#!/bin/sh
# Copyright (C) 2009, 2015 Ruben Molina <ruben.molina@udea.edu.co>
#
# This program is free software; you can redistribute it and/or modify
# it under the terms of the GNU General Public License as published by
# the Free Software Foundation; either version 2 of the License, or
# (at your option) any later version.
#
# This program is distributed in the hope that it will be useful,
# but WITHOUT ANY WARRANTY; without even the implied warranty of
# MERCHANTABILITY or FITNESS FOR A PARTICULAR PURPOSE.  See the
# GNU General Public License for more details.
#
# You should have received a copy of the GNU General Public License
# along with this package; if not, write to the Free Software
# Foundation, Inc., 51 Franklin St, Fifth Floor, Boston, MA  02110-1301 USA
#
# On Debian systems, the complete text of the GNU General
# Public License can be found in `/usr/share/common-licenses/GPL'.
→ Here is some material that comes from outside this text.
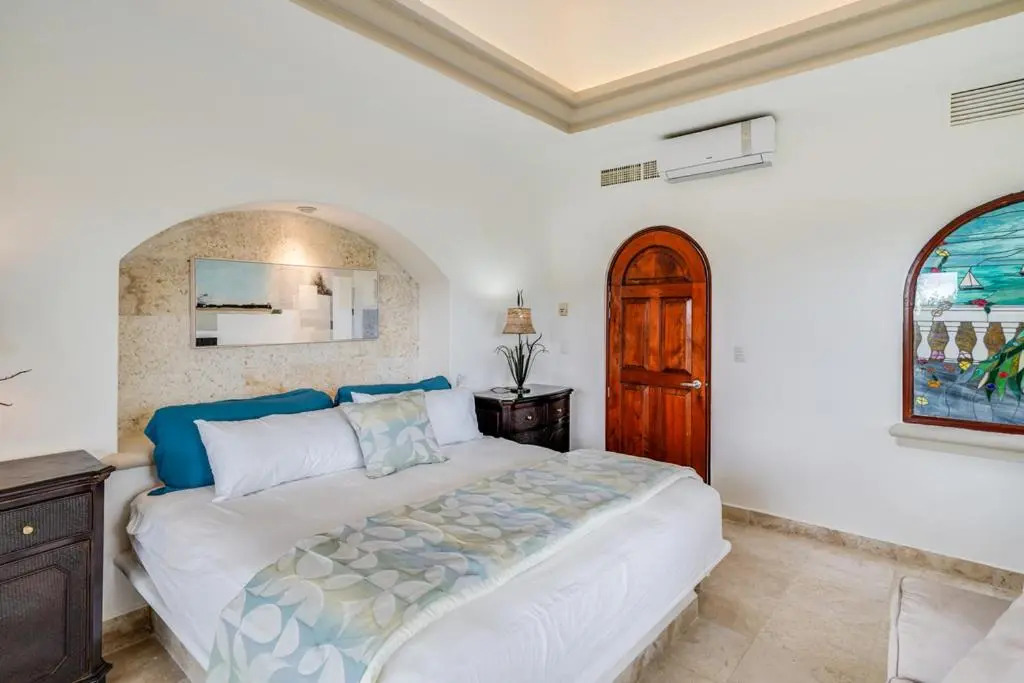Lagoon & Beach Steps Away 5-bdrm Villa Elegancia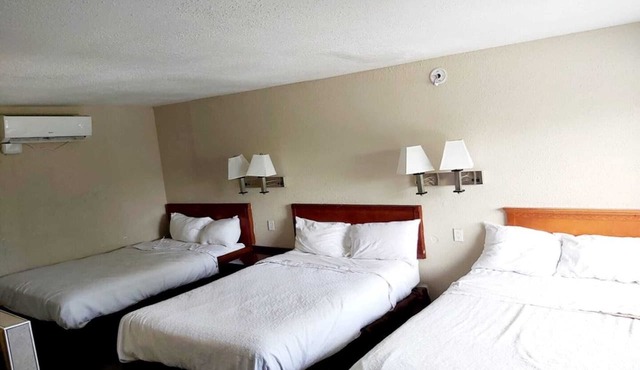 3 Full bed|smoking|Omaha NE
# The *.orig.tar.gz was created with 3 files from jargsrc.tar.gz
#    wget http://catb.org/~esr/jargon/jargsrc.tar.gz
#    tar zxvf jargsrc.tar.gz jargon.xml jargon.xsl jargon-text.xsl
#    chmod 644 jargon.xml jargon.xsl jargon-text.xsl


# 'xml-->html-->txt' conversion extracted from jargon-text Debian package,
# Copyright 1999,2001,2005 Paul Martin <pm@debian.org> and distributed under
# the GNU General Public Licence GPL (v2 or later).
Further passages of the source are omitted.